結局、このままコスプレ界隈のイベントに参加しないと、織田を捕まえる機会を失うかもしれない。それならば、いっそこの撮影会で織田と接触し、どうにか“元に戻す”件を進めるほうが得策ではないか。そう思い至った雛は、仕方なく頷いた。
「わかった……じゃあ行く」
「はいはい、決まり。じゃあ、朝ごはんは食堂で軽く済ませてから行こうね」
麗がにっこり微笑み、さっさと着替えを始める。雛は溜め息混じりにパジャマを脱いで、ブラジャーをつけ直した。相変わらず慣れないが、昨日よりはスムーズにホックを留められてしまう自分に気づき、複雑な心境になる。

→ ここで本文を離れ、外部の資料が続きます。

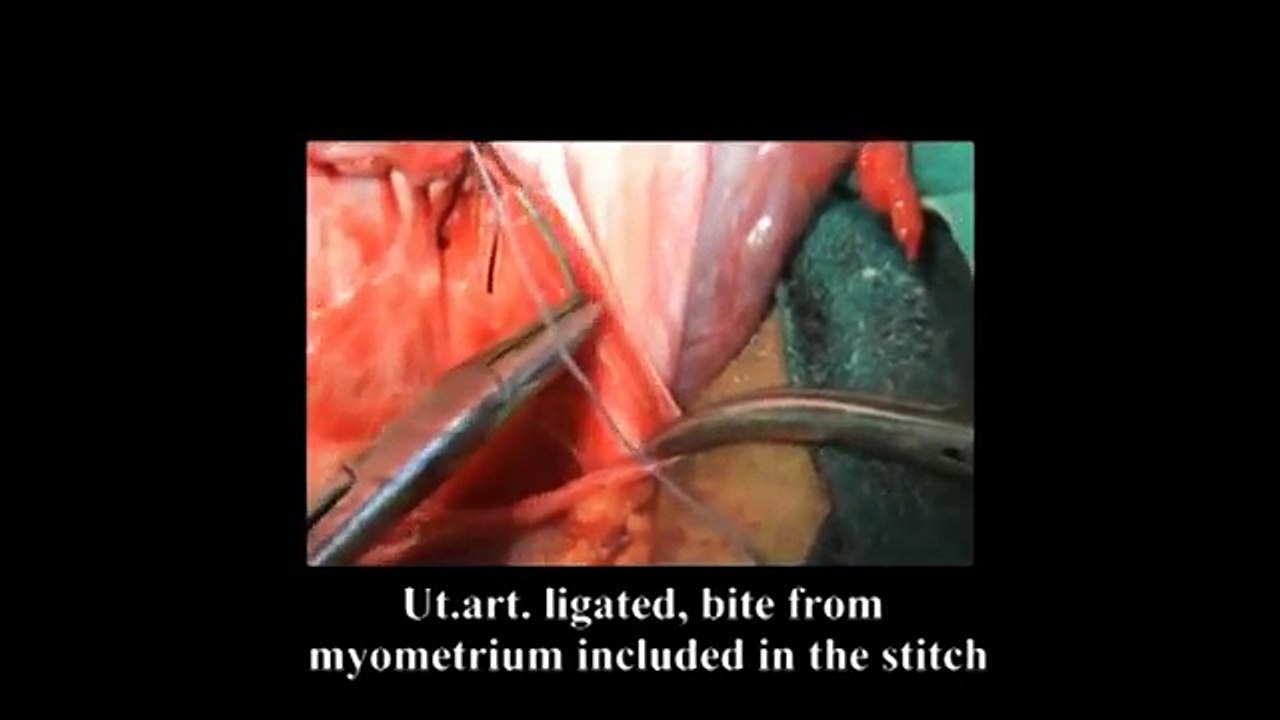 Stepwise Devascularization of Uterus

(まるで、“小鳥遊雛”の動きが身体に染みついているみたいだ)
――――――
寮の食堂に向かうと、既に多くの女子学生が朝食をとっていた。パンやサラダ、シリアルなどがバイキング形式で用意されており、皆思い思いにトレイを手に並んでいる。雛もその列に加わるが、いつの間にか“自分好み”を自然に選択していることに気づいた。
(甘めのヨーグルトとか、あんまり好きじゃなかったはずなのに……不思議だな)
舌や脳が“女の子好み”の味覚に寄ってきているのか、違和感よりも「これおいしそう」という興味のほうが強い。トレイにはフルーツサラダ、ヨーグルト、牛乳、少し甘そうなパン……男だったころのガッツリ朝定食とはまるで違うチョイスに苦笑せざるを得ない。

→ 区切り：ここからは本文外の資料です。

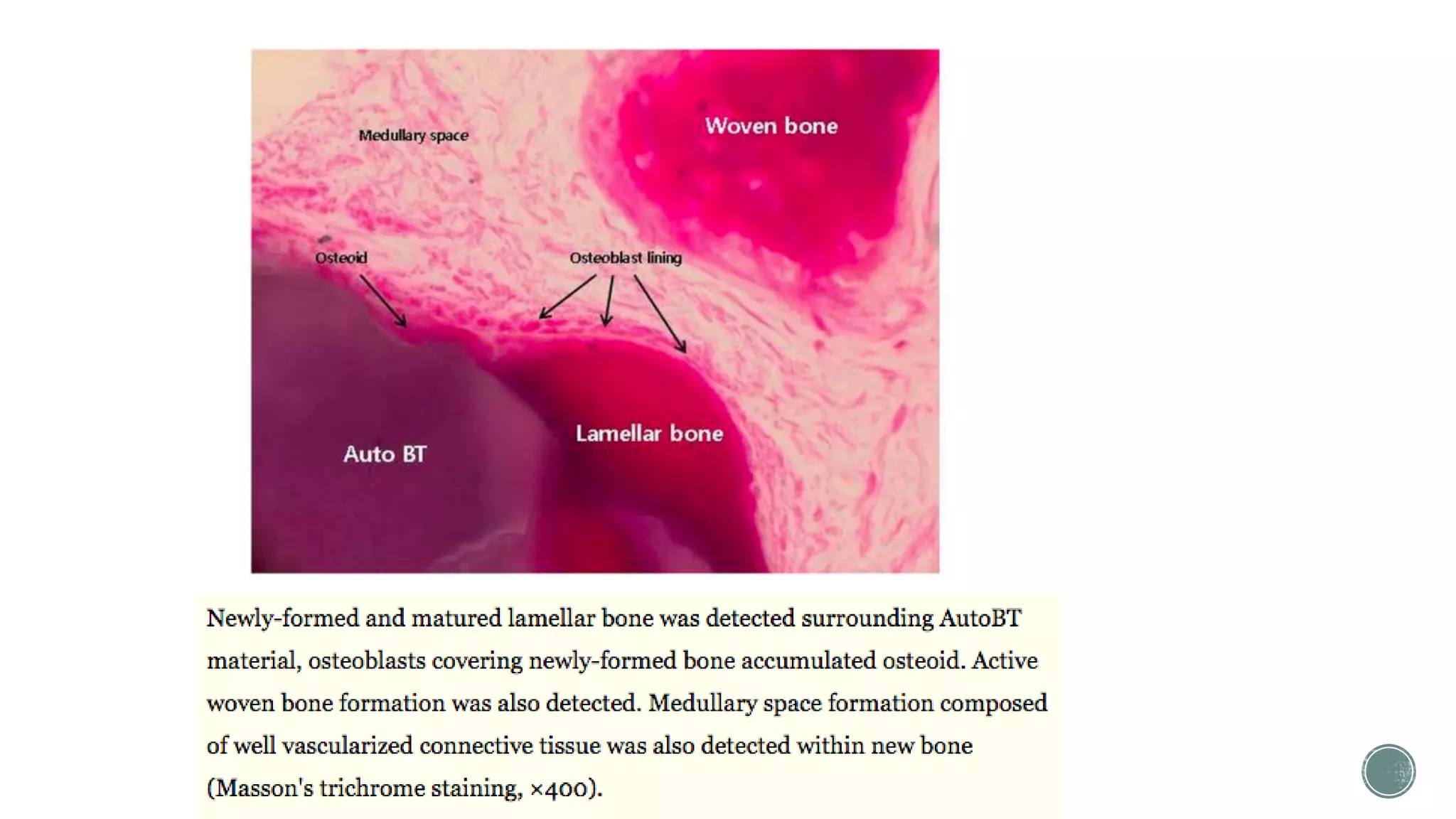 Difference between Woven bone and Lamellar bone | PPTX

麗とともに空いている席を見つけ、腰を下ろすと、通りがかった友人らしい女子たちが「おはよ雛ちゃん」「今日も可愛いね」と声をかけてくる。雛はまだ戸惑いながらも、軽く笑みを返してしまう。そのたびに、「私が可愛い……?」という妙な感情が込み上げてきては、心臓がくすぐったくなる。
「ね、雛ちゃん。午前中の授業、何取ってたっけ?」
「え、ああ……」
麗に質問されてスマホの時間割アプリを開くと、“雛”の履修科目がずらりと表示される。どれも文学や言語学関連で、男だった頃の佐伯には縁遠い。にもかかわらず「これは出席厳しい」「これはレポート課題が多い」などの情報が脳内でひとりでに浮かんでくる。
(本当に、記憶まで書き換えられてるんだな……)
目に見えないところまで侵食されているかと思うと、不安になる。今はまだ「元は男だった」という自覚を失ってはいないが、いつまで持ちこたえられるのか。

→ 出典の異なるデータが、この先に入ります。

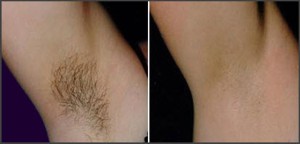 before and after images of an armpit before and after laser hair removal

「じゃあ私たち、朝食済ませたらそれぞれ授業行って、昼前に合流ね。撮影会は午後イチから準備するって言ってたから」
「うん、わかった」
そんなやり取りをしながら食事を終え、雛は講義の教室へと向かった。
――――――
午前の講義は文学史だった。苦手意識を抱きつつも、席につくと自然にノートを取り出し、教授の話をメモし始める。隣の女子から声をかけられ、「ねえ、昨日の課題どうだった?」と聞かれると、それとなく答えが口を突いて出る。どうやらここでも“雛”の記憶が雛をサポートしており、普通に講義を受けこなせるようだ。
(こうやって過ごしてると、本当に女の子の大学生活みたいだな……)
急に心がザワザワしてくる。自分はこのまま女性として生きる羽目になるのか? その可能性が頭をよぎるたびに怖くなるが、講義に集中しているうちに時間はどんどん過ぎてしまう。
そして昼近く。授業が終わり廊下へ出ると、またしてもあちこちから「雛ちゃん」と呼ばれ、何気ない世間話を持ちかけられる。こうして見ると、彼女は男子学生からも人気があるようだ——声をかけてくる男子も少なからずいて、「あの…小鳥遊さん、今度サークルのイベントに来ない?」などと誘われたりする。雛としては気まずいが、相手は普通に女子への声かけと思っているだけなので断るのも難しい。
「ご、ごめんなさい、その日は予定があって……」
「そっか、残念。また誘うね!」
慣れないコミュニケーションに変な汗をかきつつ、雛はどうにか逃げるようにその場を離れた。
(今は織田を探さないと……)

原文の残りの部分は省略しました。